WORK ITEM: Look below for the line with "Izdavanje, dvosoban stan, 60m², Centar, Paraćin" and the line with "Sunderland v Huddersfield"; repeat exactly those two lines and all lines between them, but no pictures.
──────── SOURCE DATA
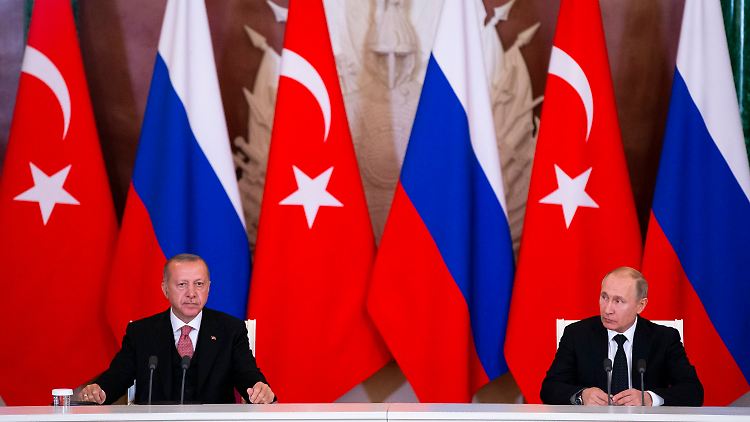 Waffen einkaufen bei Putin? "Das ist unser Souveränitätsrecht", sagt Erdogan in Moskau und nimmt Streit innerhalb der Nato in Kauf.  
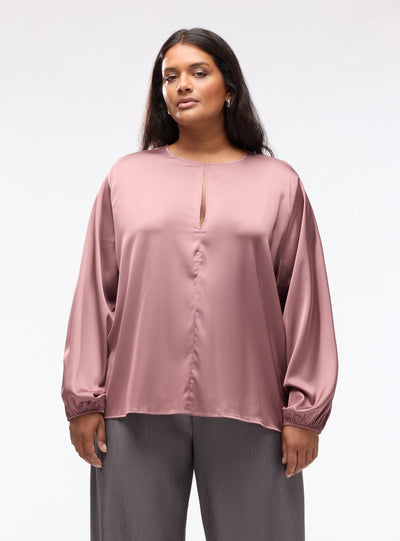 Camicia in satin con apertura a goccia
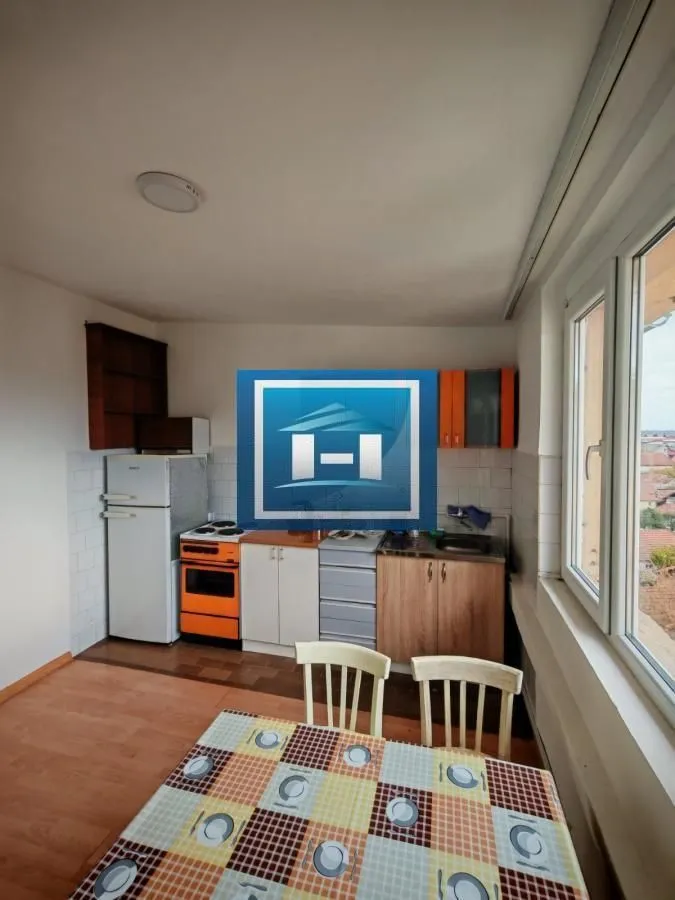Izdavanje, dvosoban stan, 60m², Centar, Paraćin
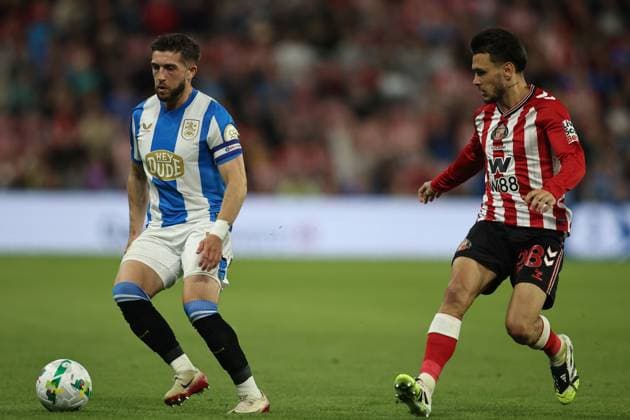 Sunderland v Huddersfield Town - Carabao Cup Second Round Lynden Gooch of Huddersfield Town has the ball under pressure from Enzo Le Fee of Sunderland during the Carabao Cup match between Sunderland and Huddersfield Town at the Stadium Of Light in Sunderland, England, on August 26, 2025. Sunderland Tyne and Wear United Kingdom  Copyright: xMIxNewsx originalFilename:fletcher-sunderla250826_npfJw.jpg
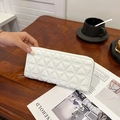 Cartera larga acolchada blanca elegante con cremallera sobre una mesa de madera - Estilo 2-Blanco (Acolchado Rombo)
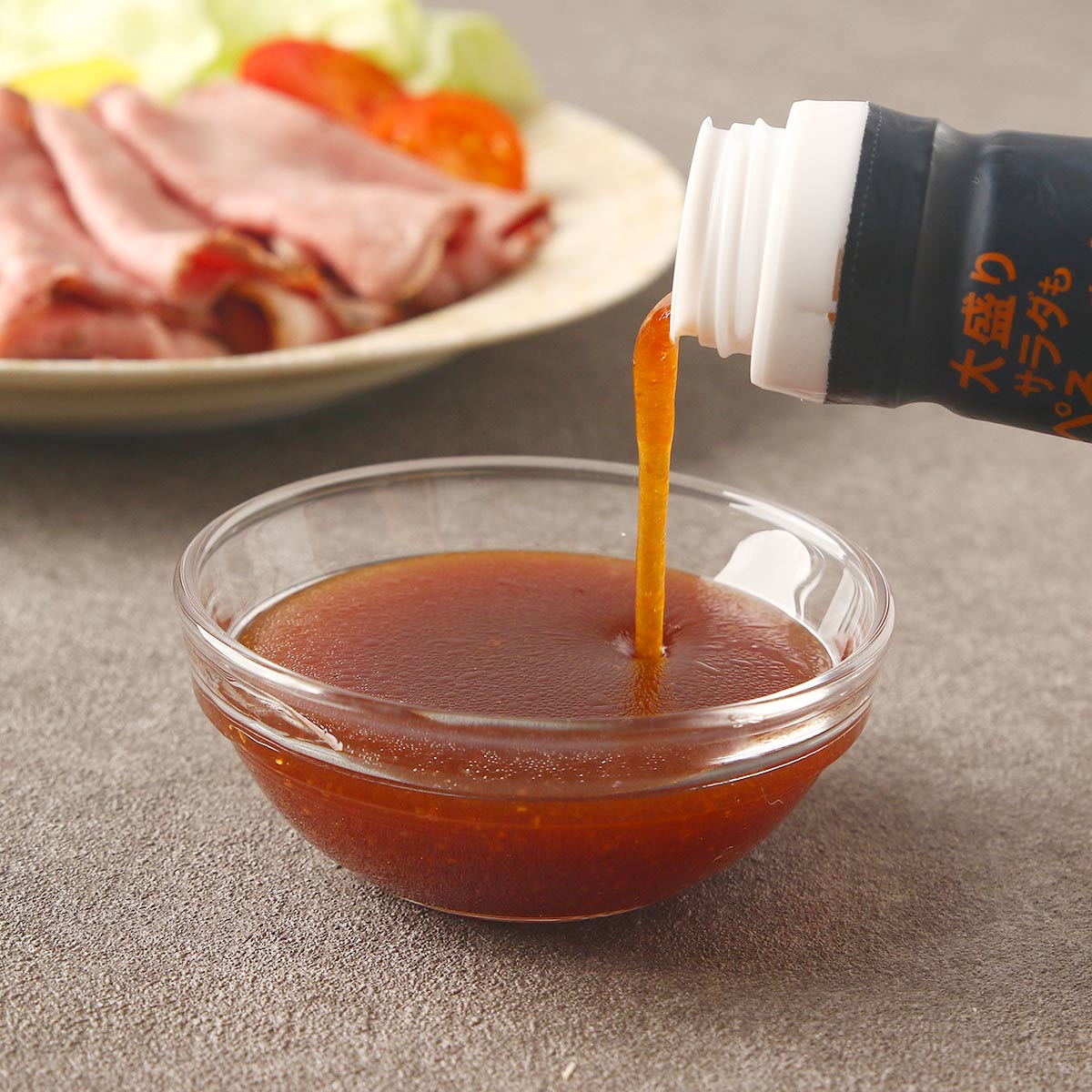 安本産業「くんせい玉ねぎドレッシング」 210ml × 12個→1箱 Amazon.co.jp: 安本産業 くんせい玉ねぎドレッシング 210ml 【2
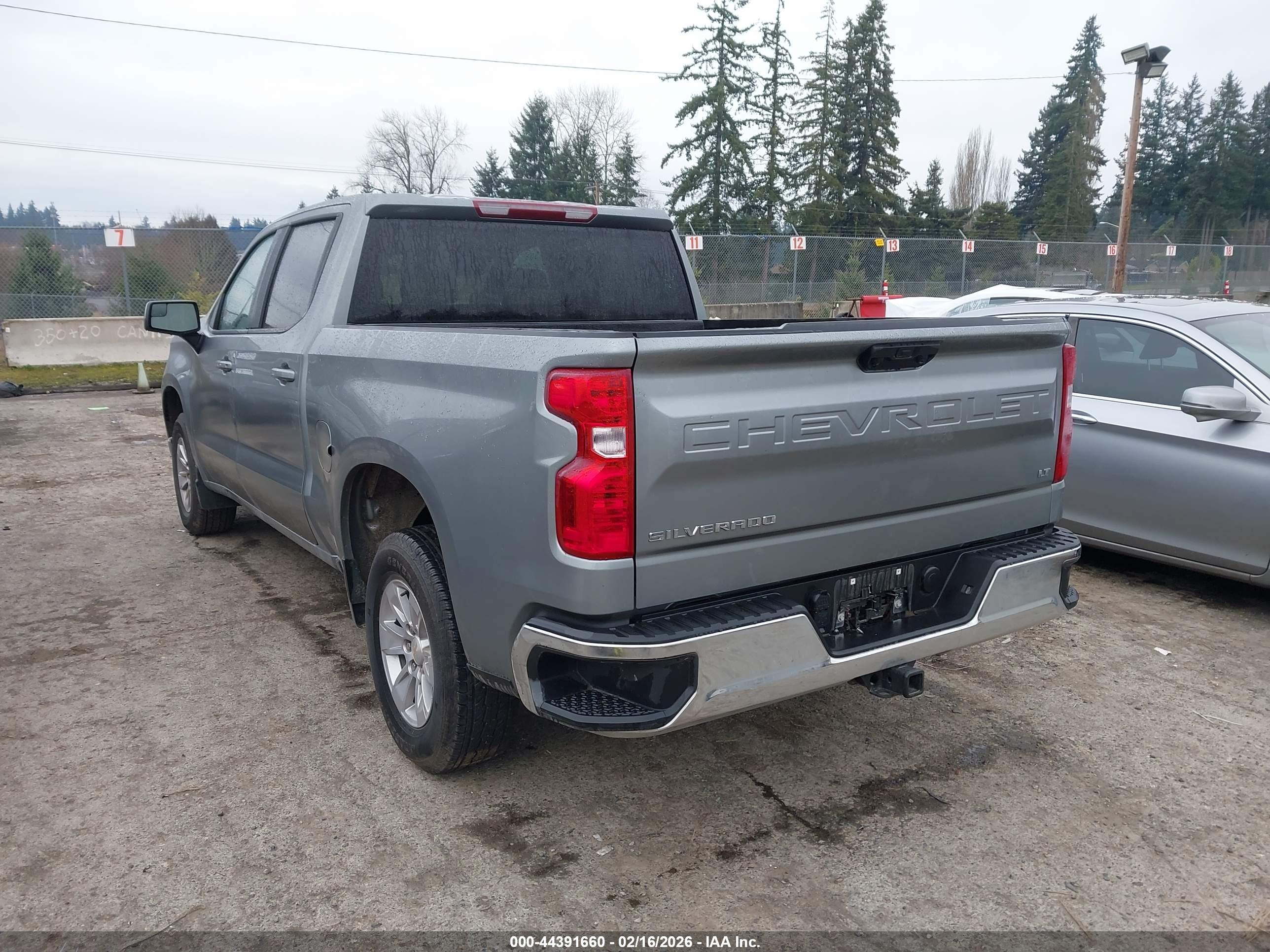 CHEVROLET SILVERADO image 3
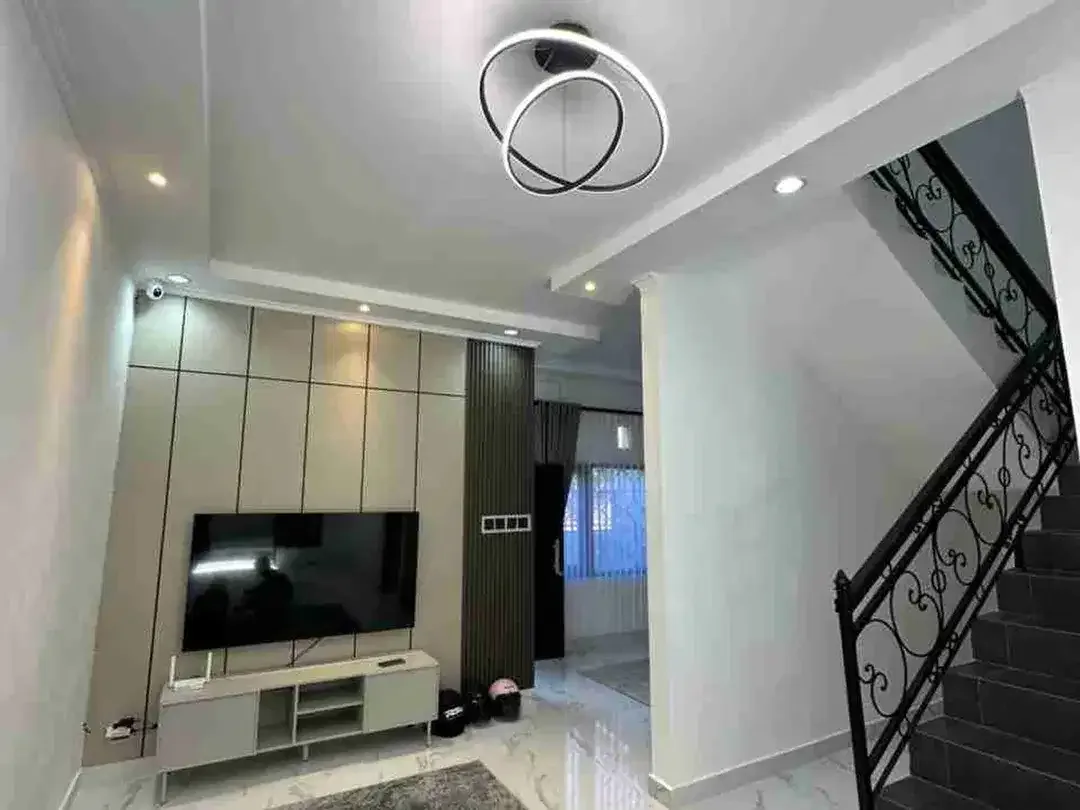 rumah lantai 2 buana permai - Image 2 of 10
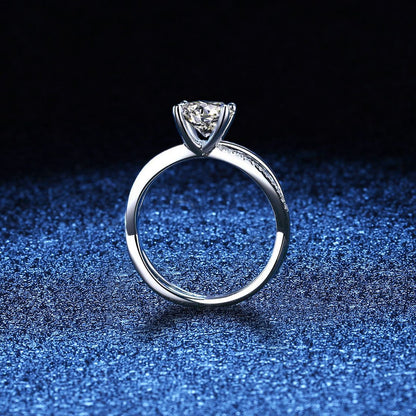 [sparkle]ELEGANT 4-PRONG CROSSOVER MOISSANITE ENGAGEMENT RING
────────────────
FINISHED TASK:
Izdavanje, dvosoban stan, 60m², Centar, Paraćin
 Sunderland v Huddersfield Town - Carabao Cup Second Round Lynden Gooch of Huddersfield Town has the ball under pressure from Enzo Le Fee of Sunderland during the Carabao Cup match between Sunderland and Huddersfield Town at the Stadium Of Light in Sunderland, England, on August 26, 2025. Sunderland Tyne and Wear United Kingdom  Copyright: xMIxNewsx originalFilename:fletcher-sunderla250826_npfJw.jpg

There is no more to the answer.